# Why do women (almost) never ask men on dates?

This is something I’ve asked a few of people about. It seems odd that in our modern, post-feminist age, it is almost always men who do the asking out. This is not so good for both men and women. For men, it puts a lot of pressure on them to make all of the moves. For women, I cite Roth and Sotomayor’s classic textbook on matching, which shows that, though the outcome from men always choosing partners is stable, it is the worst possible stable outcome for women. That is, women could get better guys to date if they made the moves.

I have a few hypotheses, but none of them seem particularly appealing:

1) Women aren’t as liberated as we think.

Pro: There doesn’t seem to be any point in history where this was any different, so this social practice may indeed be a holdover from the Stone Age (i.e. before 1960).

Con: If this is true, then it is a very bad social practice, and we should buck it! This is not a good reason to maintain it!

2) If a woman asks a man out, it reveals information about her. This could be a case of multiple equilibria. Suppose that a small percentage of “crazy types” of both men and women exists, and under no circumstances do you ever want to date one of them. The equilibrium in which we are is fully separating for women, where the “normal types” always wait for men to ask them out, while the “crazy types” ask men out. Since this is a perfect Bayesian equilibrium, men know that if they get asked out, the woman must be crazy, and so they reject. Knowing this, the “normal” women would never want to ask a man out, since it would involve the cost of effort/rejection with no chance of success.
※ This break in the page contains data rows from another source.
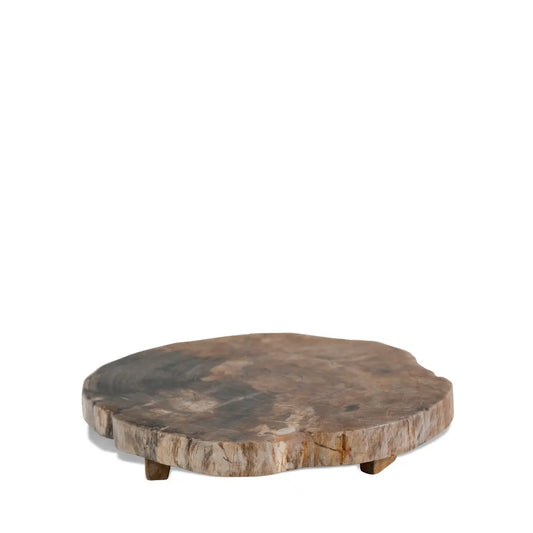 Petrified Wood Trivet with Polished Edge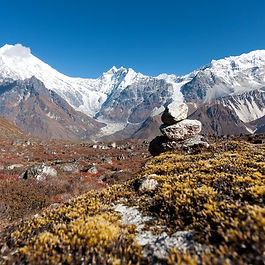 Nepal  Langtang National Park 
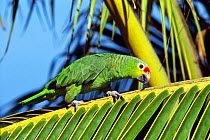 Red Lored Amazon Parrot (Amazona autumnalis) on palm leaf. Captive. South America.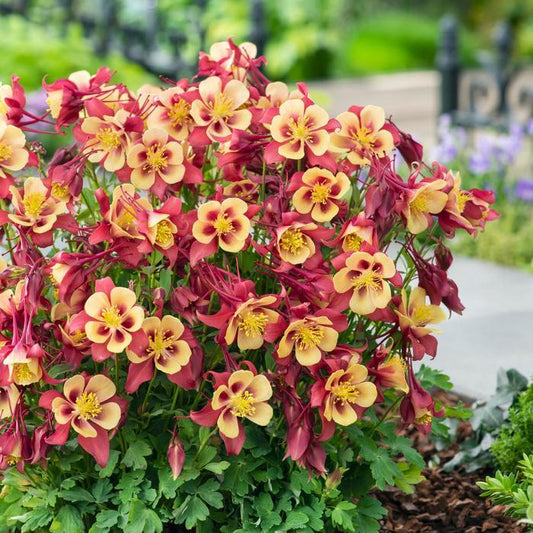 Aquilegia Earlybird Red And Yellow - View 1 from www redcrocus com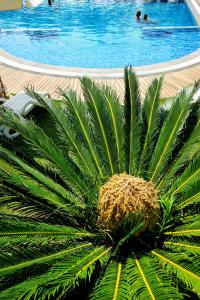 Bazén v ubytování Kallikoros Country Resort & Spa nebo v jeho okolí
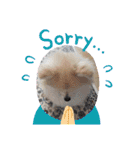 Collon the pom（個別スタンプ：31）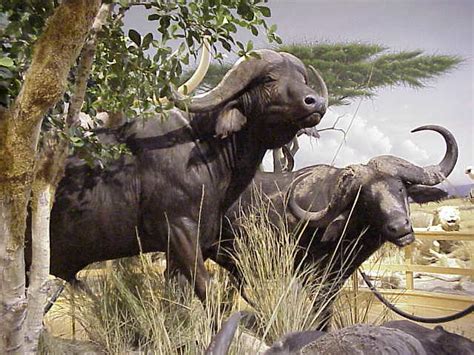 The Cape Buffalo Is One Of The Most Dangerous Animals In Africa 1
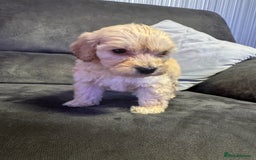 Cockapoo dogs for sale: Apricot Cockapoo Puppies  - Image 10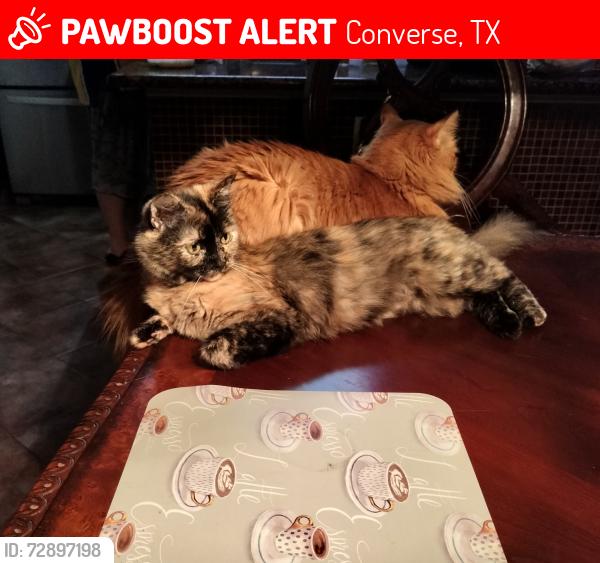 Lost Female Cat last seen FM 78/Near Judson High School, Converse, TX 78109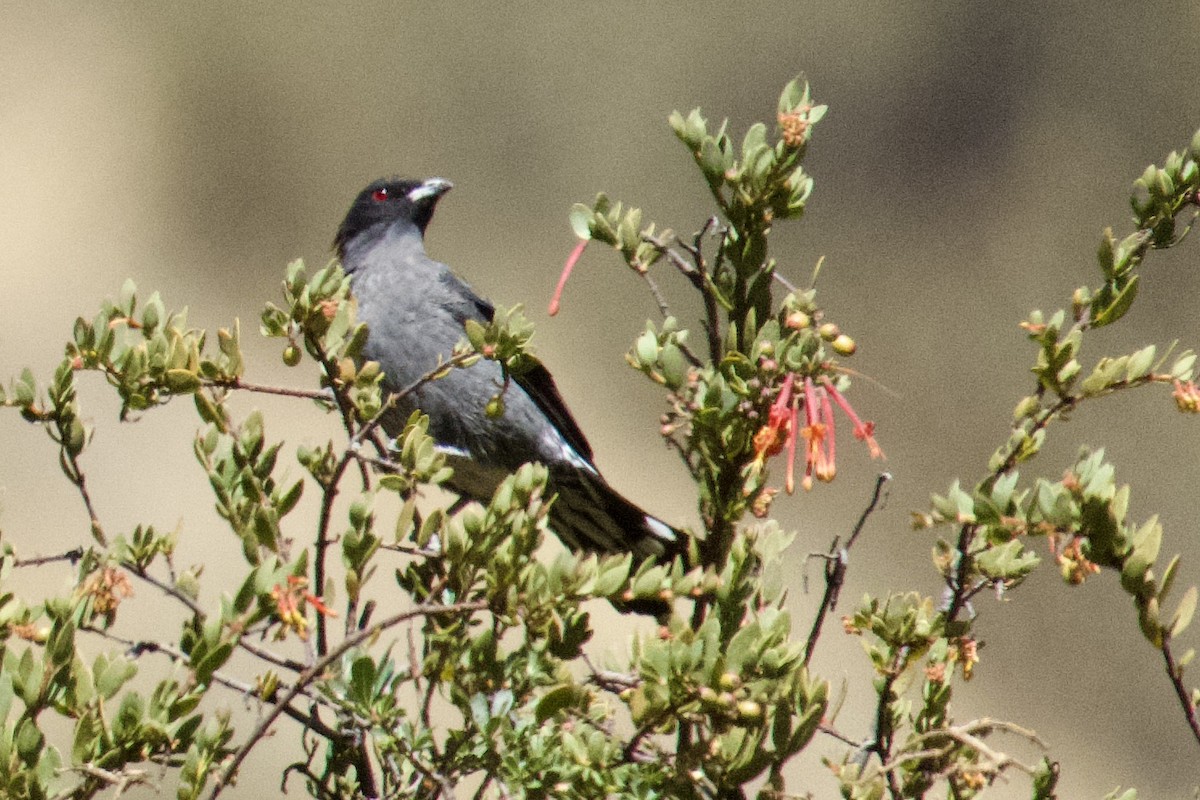 Cotinga à huppe rouge - ML615113251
Suppose the chance that someone is crazy is some very small $\epsilon > 0$. Consider the game tree:

Notice that the crazy women always want to ask the guy out, no matter what the beliefs of the guy are.

There are a few perfect Bayesian equilibria of this game, but I will highlight two. The first is that the normal women never ask guys out, and guys never accept. As $\epsilon \rightarrow 0$, this gives expected payoff to people of $(0,0)$. No one wants to deviate, because only crazy women ask guys out, and so a guy would never accept an offer, as that would give payoff $-10$ instead of $0$; knowing this, normal women will never ask men out, because that gives them payoff $-1$ instead of $0$.
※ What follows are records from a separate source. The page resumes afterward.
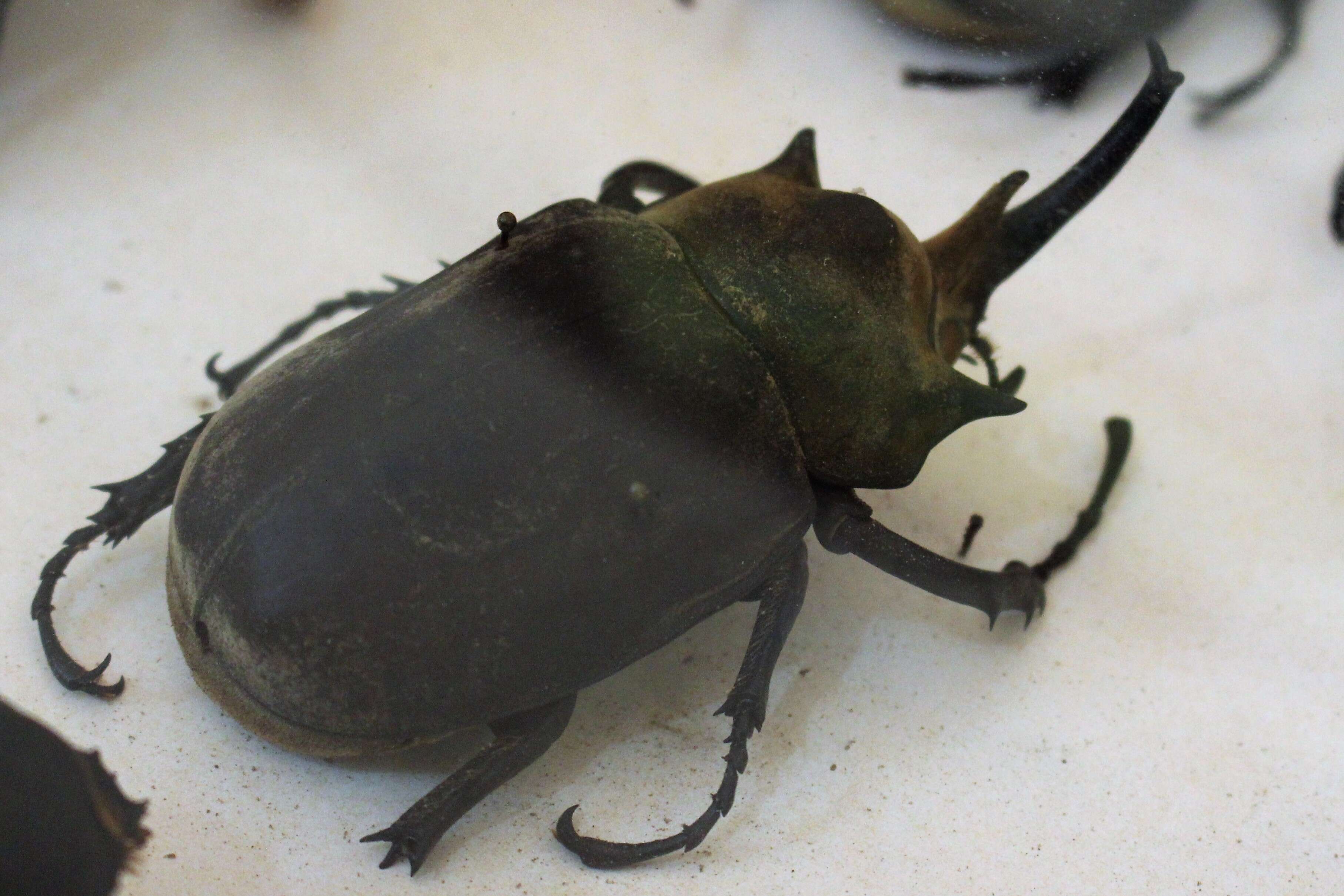 Image of Elephant beetle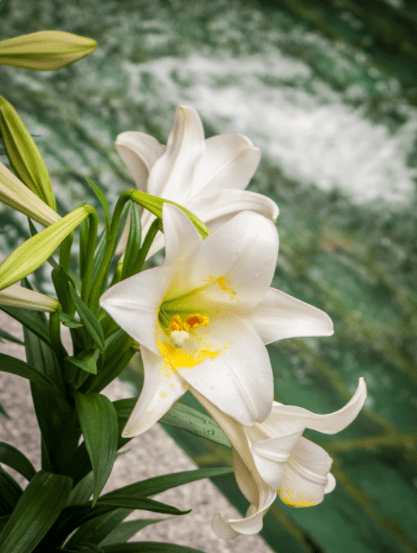 Easter Lily Gardenfrontier Easter Lily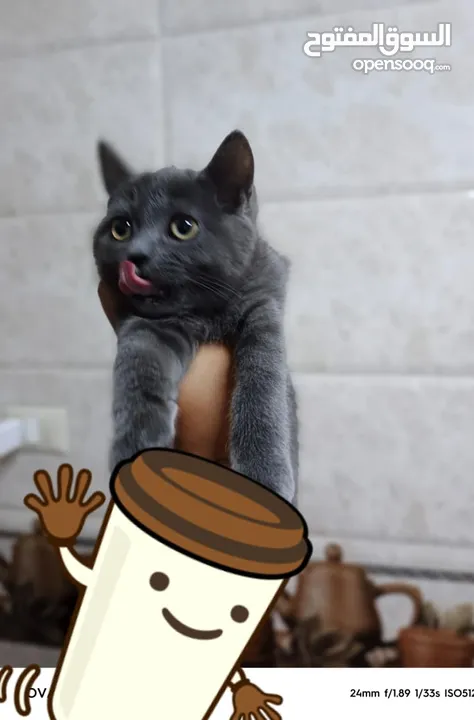 سكوتش ستريت  من ام واب سكوتش صنف عالي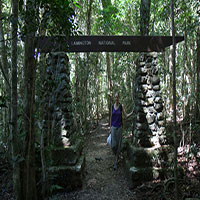 Bronwen at the entrance to Lamington National Park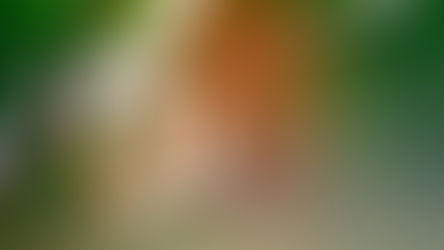 Ser vendido: sucesso ou fracasso?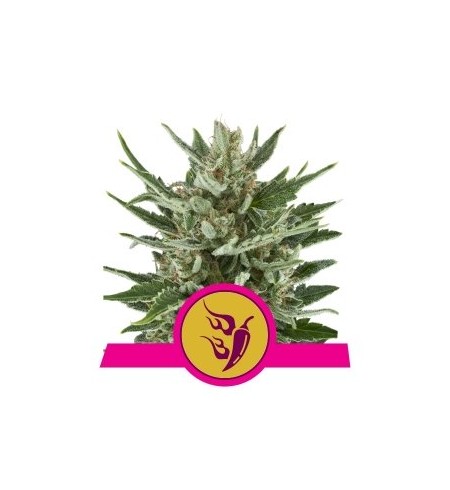 Speedy Chile (Fast Flowering) - ROYAL QUEEN SEEDS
Another equilibrium is that all women ask men out, and men always accept. As $\epsilon \rightarrow 0$, the expected payoff vector is $(2,2)$. Thus the former is a “bad” equilibrium, while the latter is a “good” one. In other words, we may be stuck in a bad equilibrium.

Pro: I think that there definitely some guys out there who think that women who would ask them out are “aggressive” or “desparate,” and so they wouldn’t go out with them.

Con: I don’t think the above sentiment is true in general, at least for guys worth dating! If a guy has that attitude, he’s probably an @#0!3 who’s not worth your time.

There may also be some elements of the problem with (1), but these would be harder to overcome, as the scenario here is an equilibrium.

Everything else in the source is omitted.